# showing a map is not null-homotopic

How do I show that two maps are not homotopic. More precisely, how do I show that a map is not null-homotopic.

1-If $$f,g:S^n \to S^n$$ then its degree should be same. if their degree isn't same then they aren't homotopy equivalent.

2-Since homotopic maps induce same maps on fundamental groups, then if $$f$$ is null-homotopic, then induces the map that a constant map does. So If I am able to show that it doesn't induce the trivial map then it cannot be null-homotopic.

Can I see an example of a map which doesn't induce trivial map on the level of fundamental groups?

I am thinking about showing that the map $$id: S^1 \to S^1$$ is not null-homotopic. it seems to me that on the level of fundamental groups the map $$\gamma:[0,1] \to S^1$$ is sent to the generator $$[id \circ \gamma:[0,1] \to S^1\to S^1$$ is again the generator.

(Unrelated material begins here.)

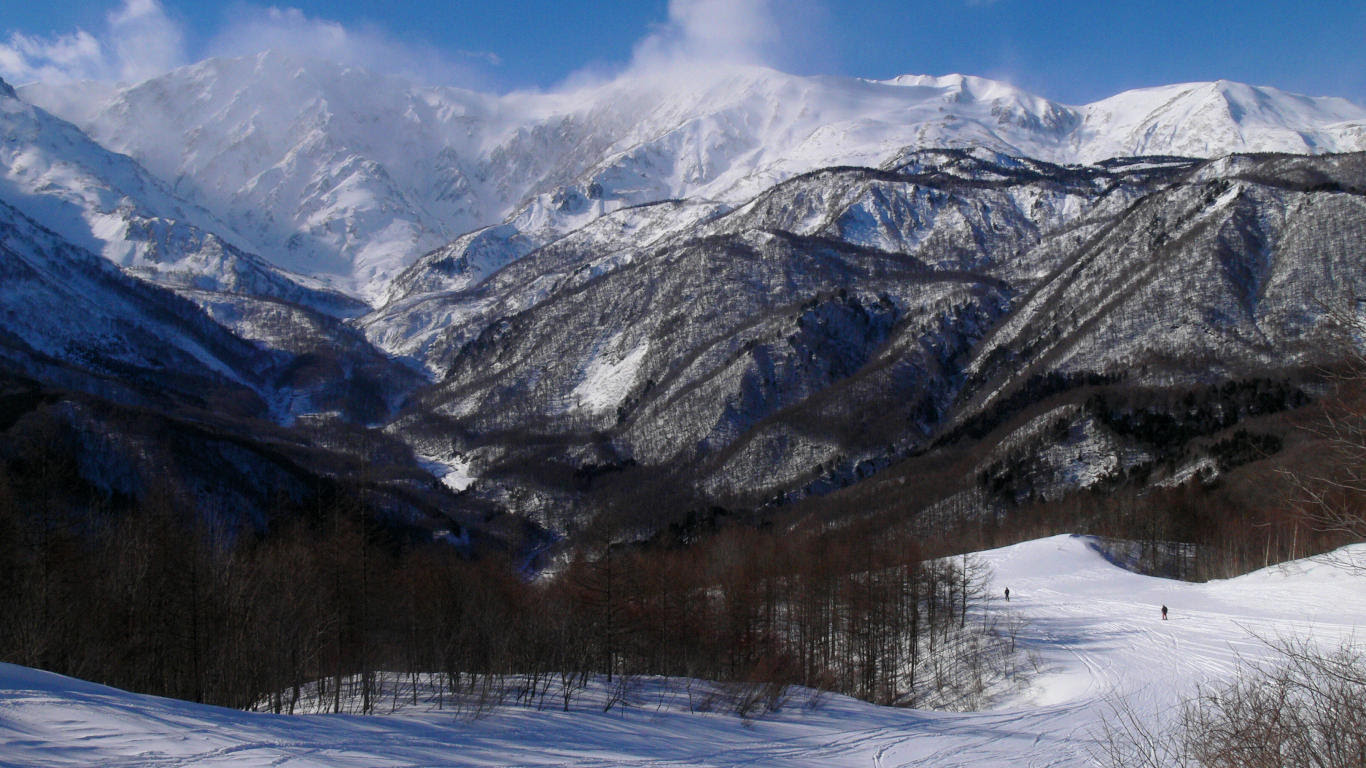 ゲレンデと雪山 癒しの風景 壁紙写真館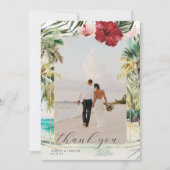 Tropisch strand | Weddenfoto Bedankkaart (Voorkant)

Hence it sends $$1 \to 1$$ on the other hand the constant map sends $$1$$ to $$0$$ on level of fundamental groups. Is it good enough to conclude that $$S^1$$ is not contractible. I am wondering about examples of other spaces where I can show it is not null-homotopic.

• Your observations about the the identity map $S^1 \to S^1$ are correct, from which you can conclude that it is not nullhomotopic. More generally, if $\pi_1(X) \neq 0$, then $\operatorname{id}_X$ is not nullhomotopic for the same reason. Commented Dec 25, 2022 at 13:55
• You have already given an example of a map which doesn't induce a trivial map on the fundamental group, namly Id. We know Id is not null homotopic because S1 is not contractible, as evidenced by its fundamental group. Since you have already asked this question, or one quite like it, elsewhere on this site, is there something we do to help answer this is a way that hasn't already been tried? Commented Dec 25, 2022 at 13:56
• In general, a space is contractible iff the identity is null-homotopic. So if the fundamental group is nontrivial, the space is not contractible, and so the identity map is not null-homotopic. Commented Dec 25, 2022 at 14:00
• @IsAdisplayName, can you furnish some more interesting examples? This one was quite trivial and uninteresting Commented Dec 25, 2022 at 14:00
• @IsAdisplayName, its not about the identity map only. I am interested in maps which are not identity as well Commented Dec 25, 2022 at 14:01

In this post you have two related, though distinct, questions: (i) when is a map between spaces null-homotopic and (ii) when does a map induce (or not induce) the trivial morphism between fundamental groups.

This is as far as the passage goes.